Like all investments, you need a plan, a budget and some financial statements.

You’ll also need to pay off your own debts and build up an emergency cash fund.

And since the primary purpose of a bond ladder is to diversify away from equities, you should have already invested in stocks.

What comes after it?

With a portfolio made up of stocks, cash and bonds, you have the basics in place.

You can reduce the volatility of your portfolio still further by adding other asset classes such as Private Equity, Hedge Funds, FX, Gold and other commodities.

The other major asset class to consider is Property, both as a diversifier, and as a place to live.

What age do you need it from?

For your entire investing career, so ideally from age 25.

What age do you need it until?

Until you decide to convert your investment portfolio into the income from an annuity, if you ever do this.

  • So not until age 75 at the earliest.

How much does it cost?

How much you will pay for a bond depends on how you buy it.

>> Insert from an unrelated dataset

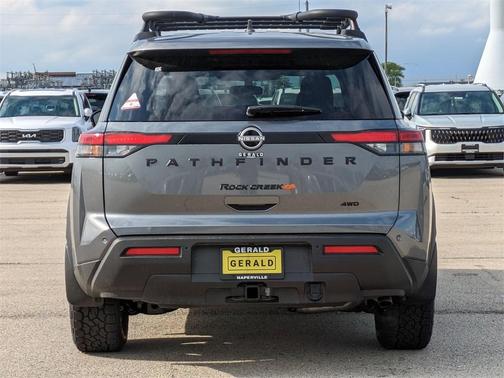 2025 Nissan Pathfinder Rock Creek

  • UK government bonds (known as gilts) can be bought directly, and very cheaply, from the National Savings and Investments office (NS&I).
  • More normally you would buy a bond through a stockbroker, paying the regular commission.

What’s in it?

A bond ladder is a series of bonds spread out through time – each of the bonds in the ladder will mature at a different point in the future.

  • You stagger the maturities so that the proceeds can be reinvested at regular intervals.
  • Each of the holdings usually has the same weight in the portfolio.

Let’s say that your portfolio is large enough to fit ten bonds (at a deal size where commissions aren’t too painful).

  • Then you might decide to hold one bond per year stretching out for 10 years into the future.
  • Or you might decide to hold bonds that mature every six months and a ladder that only stretches five years into the future.

These are idealised designs, and your actual ladder will depend on what maturity dates are available from which providers.

  • As each bond matures, you use the proceeds to buy a new bond at the far end of the ladder.
  • So it’s like a conveyor belt of bonds constantly moving towards you.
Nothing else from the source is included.